I am an active musician/songwriter/performer, and I love to use multi-track cassette recorders to create home demos for use with bands I work with, so they have a template to learn from.
I use a Tascam 4-track cassette recorder. It is my second in three years, and I have been very pleased with them so far. The only issue is white noise, but I am learning to clean that up.
However, as I progress, 4 tracks are simply not enough. I record all of the parts myself, but wish to expand into harmonies, layered guitars, and many other sonic experiments that I cannot create with a 4-track cassette recorder.
The thing is, I prefer the "warm", analog sound of cassettes, and tape in general. I have two friends who own multi-track recorders, completely digital, that can burn the work to a CD drive inside and all that. But they have unbelievably complicated controls and run into the $1000's.

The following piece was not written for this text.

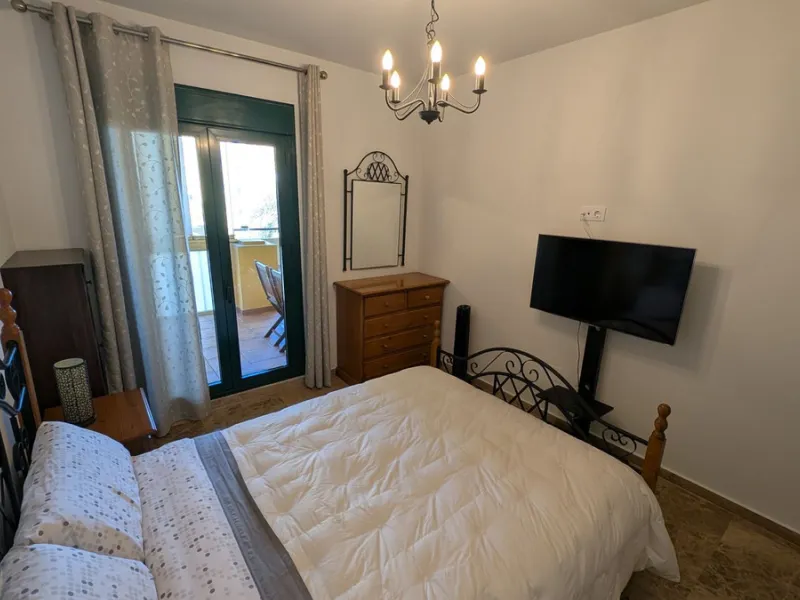 Discover this exclusive apartment in one of the most sought-after residential areas of Nueva Alcántara, San Pedro de Alcántara. This exceptional property stands out for its generous layout, unbeatable location, and high-quality finishes throughout.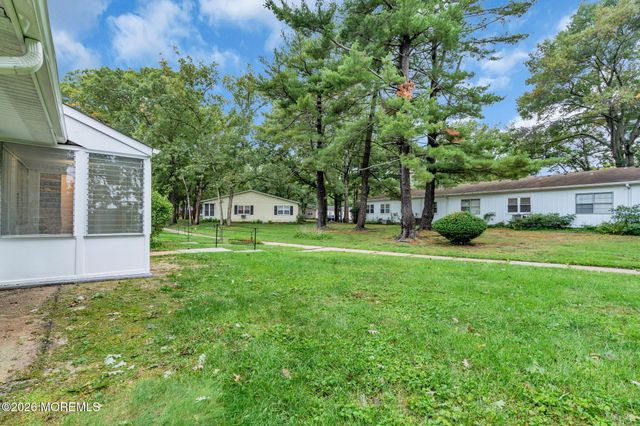 51A Cambridge Court A, Lakewood, NJ 08701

I was wondering if I could buy another 4-track Tascam and use that to expand the tracks I have available. For example - could I buy another 4-track recorder, use all 4 tracks on my old one, and then "mix down" the 4 tracks on the old recorder onto track 1 of the new recorder? And then repeat the process, in essence giving me 16 tracks? The Tascam cassette recorders all have 1/4th inch inputs (for an audio line/instrument) and 1/4th inch outputs (for headphones/studio monitors).
I heard that a similar concept (albeit with actual reel-to-reel) is how George Martin started giving the Beatles a multi-track recording ability in the studio. If this works, I'd be so grateful!
Please let me know if you think this would work!